1

I'm plotting a couple of scatter plots with a lot of data points. At some point half the plot is just solid color and you cannot see the density very well. So I want to "project" the data onto the axis and display a histogram.

I wrote a little function that does that. To a plot on axis ax it plots the fields column_x vs column_y of the pandas DataFrame frame. If one_track_frame is given, it is also plotted on top of that. To add add a title and labels etc. a lambda can be passed with the ax object as parameter.

import numpy as np
import matplotlib as mpl
import matplotlib.pyplot as plt
from mpl_toolkits.axes_grid1 import make_axes_locatable
import pandas as pd

def projection_plot(ax, frame, column_x, column_y, frame_one_track=None, commands=None, bins=100):
    ax.scatter(frame[column_x], frame[column_y], label="one track", marker='x')

    divider = make_axes_locatable(ax)
    ax_hist_x = divider.append_axes("top", 1.2, pad=0.1, sharex=ax)
    for tl in ax_hist_x.get_xticklabels():
        tl.set_visible(False)
    ax_hist_x.hist(frame[column_x], bins=50)

    ax_hist_y = divider.append_axes("right", 1.2, pad=0.1, sharey=ax)
    for tl in ax_hist_y.get_yticklabels():
        tl.set_visible(False)
    ax_hist_y.hist(frame[column_y], orientation='horizontal', bins=bins)

    if frame_one_track is not None:
        ax.scatter(frame_one_track[column_x], frame_one_track[column_y], label="two tracks", marker='.')
        ax_hist_x.hist(frame_one_track[column_x], bins=bins)
        ax_hist_y.hist(frame_one_track[column_y], orientation='horizontal', bins=bins)

    if commands is not None:
        commands(ax)

If I now plot some random data, everything looks fine and as intended.

df = pd.DataFrame(np.random.randn(1000, 3)*1000, columns=["a", "b", "c"])
cut = df["c"] < 20
frame1 = df[cut]
frame2 = df[~cut]

plt.figure(figsize=(6,6))
projection_plot(plt.subplot(), frame1, "a", "b", frame2, commands=lambda ax: (
    ax.legend(),
    ax.set_title("Random Values", y=1.4),
    ax.set_xlabel("column 0"),
    ax.set_ylabel("column 1")))

correct plot

If I now try to set the scales of either (or both) axis to log, something breaks and the plot becomes unreadable:

plt.figure(figsize=(6,6))
projection_plot(plt.subplot(), frame1, "a", "b", frame2, commands=lambda ax: (
    ax.legend(),
    ax.set_yscale('log'),
    ax.set_title("Random Values", y=1.4),
    ax.set_xlabel("column 0"),
    ax.set_ylabel("column 1")))

broken plot

In some of my data sets it seemed to work fine, while for others it breaks like with this random data. How can I fix this?
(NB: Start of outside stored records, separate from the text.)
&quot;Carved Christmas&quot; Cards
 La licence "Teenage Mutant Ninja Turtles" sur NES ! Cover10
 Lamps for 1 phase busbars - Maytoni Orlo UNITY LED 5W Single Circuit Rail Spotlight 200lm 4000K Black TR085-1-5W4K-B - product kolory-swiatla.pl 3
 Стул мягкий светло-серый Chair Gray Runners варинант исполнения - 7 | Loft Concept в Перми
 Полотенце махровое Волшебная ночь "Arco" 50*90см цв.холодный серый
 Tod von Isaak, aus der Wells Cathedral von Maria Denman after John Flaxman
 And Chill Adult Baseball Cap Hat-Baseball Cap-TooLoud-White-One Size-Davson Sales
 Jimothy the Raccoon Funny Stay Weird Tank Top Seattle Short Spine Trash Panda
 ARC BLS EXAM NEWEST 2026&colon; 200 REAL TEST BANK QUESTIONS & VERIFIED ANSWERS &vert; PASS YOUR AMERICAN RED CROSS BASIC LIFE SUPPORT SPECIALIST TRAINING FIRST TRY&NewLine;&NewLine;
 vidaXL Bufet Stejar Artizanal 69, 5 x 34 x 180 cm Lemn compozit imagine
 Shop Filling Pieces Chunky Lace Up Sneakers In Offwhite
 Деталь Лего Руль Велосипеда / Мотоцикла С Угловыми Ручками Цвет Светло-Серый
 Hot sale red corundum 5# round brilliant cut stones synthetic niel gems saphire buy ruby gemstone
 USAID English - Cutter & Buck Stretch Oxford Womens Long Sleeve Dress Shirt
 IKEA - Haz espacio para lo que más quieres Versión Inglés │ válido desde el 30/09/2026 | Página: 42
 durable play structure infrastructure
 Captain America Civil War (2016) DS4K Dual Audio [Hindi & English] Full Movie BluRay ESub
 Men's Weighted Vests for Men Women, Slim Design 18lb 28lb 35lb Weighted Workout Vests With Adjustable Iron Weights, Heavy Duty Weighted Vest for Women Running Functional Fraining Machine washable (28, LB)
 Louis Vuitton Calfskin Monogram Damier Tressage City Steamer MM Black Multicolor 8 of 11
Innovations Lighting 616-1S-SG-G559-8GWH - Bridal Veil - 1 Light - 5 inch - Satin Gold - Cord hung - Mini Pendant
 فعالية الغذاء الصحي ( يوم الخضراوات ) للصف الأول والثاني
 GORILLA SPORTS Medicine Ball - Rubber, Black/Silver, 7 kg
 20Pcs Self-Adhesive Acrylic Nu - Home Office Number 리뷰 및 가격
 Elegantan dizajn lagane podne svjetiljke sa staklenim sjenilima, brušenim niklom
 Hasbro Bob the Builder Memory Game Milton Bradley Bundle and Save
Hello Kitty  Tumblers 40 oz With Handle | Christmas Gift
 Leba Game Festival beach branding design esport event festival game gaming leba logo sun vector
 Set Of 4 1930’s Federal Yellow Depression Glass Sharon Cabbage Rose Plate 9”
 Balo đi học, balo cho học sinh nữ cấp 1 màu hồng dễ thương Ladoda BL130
Also: Since I'm relatively new to Python, is this good coding style? Passing multi line lambdas for further configuration? I have the feeling that Ruby blocks ruined me…

ImportanceOfBeingErnest
  • 321,279
  • 53
  • 665
  • 712
Philipp Stephan
  • 372
  • 5
  • 17

1 Answers1

2

I do not exactly know the reason why this fails, I could imagine that the problem is related to the data ranging to below 0 for which a log scale is not defined.

In any case you would need to set the limits of the plot manually,

ax.set_yscale('log')
ax.set_ylim(1,None)

enter image description here

Possibly you want to use a symlog scale instead.

ax.set_yscale('symlog')

In this case no limit adjustment needs to be made.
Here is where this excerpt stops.